Ask ten traders and you'll get ten different
answers. This lesson will try and illustrate a few of the
most common techniques used to identify trendline breaks.
The first technique is the easiest to understand
- a trendline break occurs when price penetrates the trendline.
Our first example, AYE, shows that price fell through the
trendline in early May, signaling a trend reversal, and it
continued downward after this move. However, look at February
and March. Aren't these also price penetrations of the trendline?
Yes, and this illustrates the point that most traders consider
a close beyond the trendline to be more significant than
an intra-day penetration of the trendline.

Close price doesn't break the trend until early May for AYE
While this technique is easy to understand,
it lends itself to false signals. Another technique that
waits for more reversal confirmation is to use the Two Day
Rule. The Two Day Rule states that price must close through
the trendline for two successive days. The chart of TXU illustrates
the effectiveness of this rule as price did not close through
the trendline two days in a row until late April.

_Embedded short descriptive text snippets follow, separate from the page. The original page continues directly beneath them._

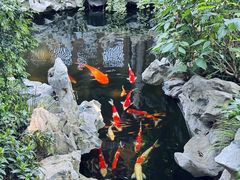 -鲤院·新中式美学·庭院餐厅(夫子庙店)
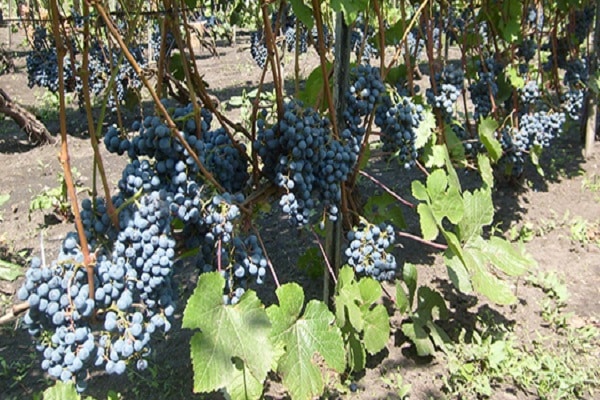 preparing the vine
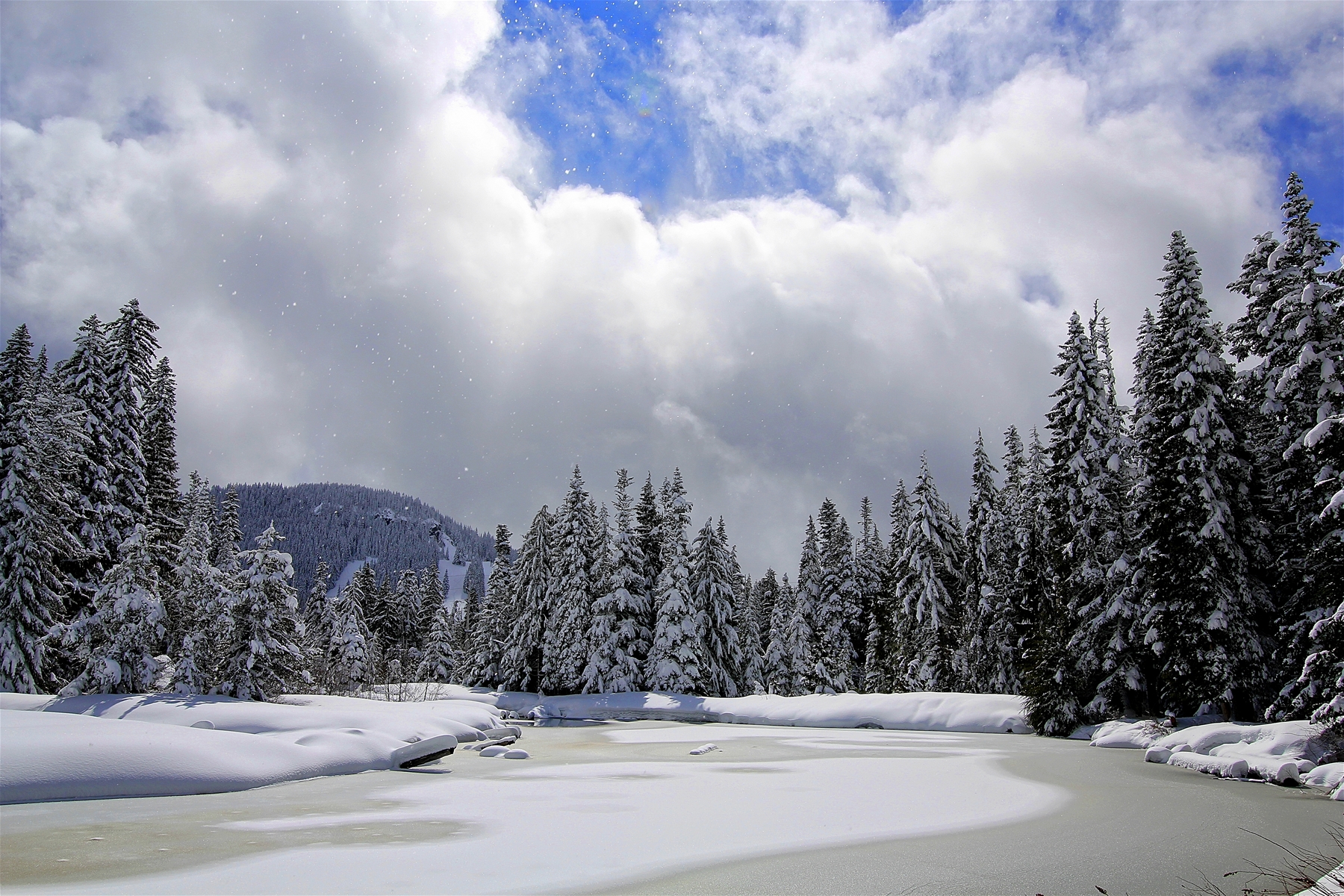 Fesh Snow on Collins Lake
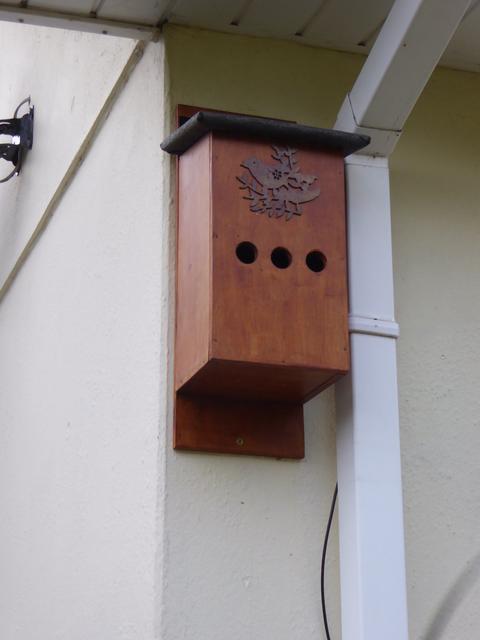 B95FEB00-4A85-459B-8124-08DF976BA9FD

TXU doesn't close below the trendline 2 days in a row until late April
Another method to validate a trendline break
is the 3% Rule. This rule states that price must close 3%
through the level of the penetration to be considered a break.
The chart for FD shows and example as price closed through
the trendline in December. The point of penetration is 36.50
and the lowest the stock closed was 36.25, so it did not
close 3% from the penetration level and the trend should
be considered still in tact.

The dip in mid-December for FD didn't fall 3% below the penetration level
These three methods represent basic ways of
telling if a trend is reversing. There are quite a few other
methods as well, but basically the best rule of thumb is
not to worry too much about "connecting the dots" and look
for good confirming moves through trendlines. Being late
on a good trade is always preferable to being wrong.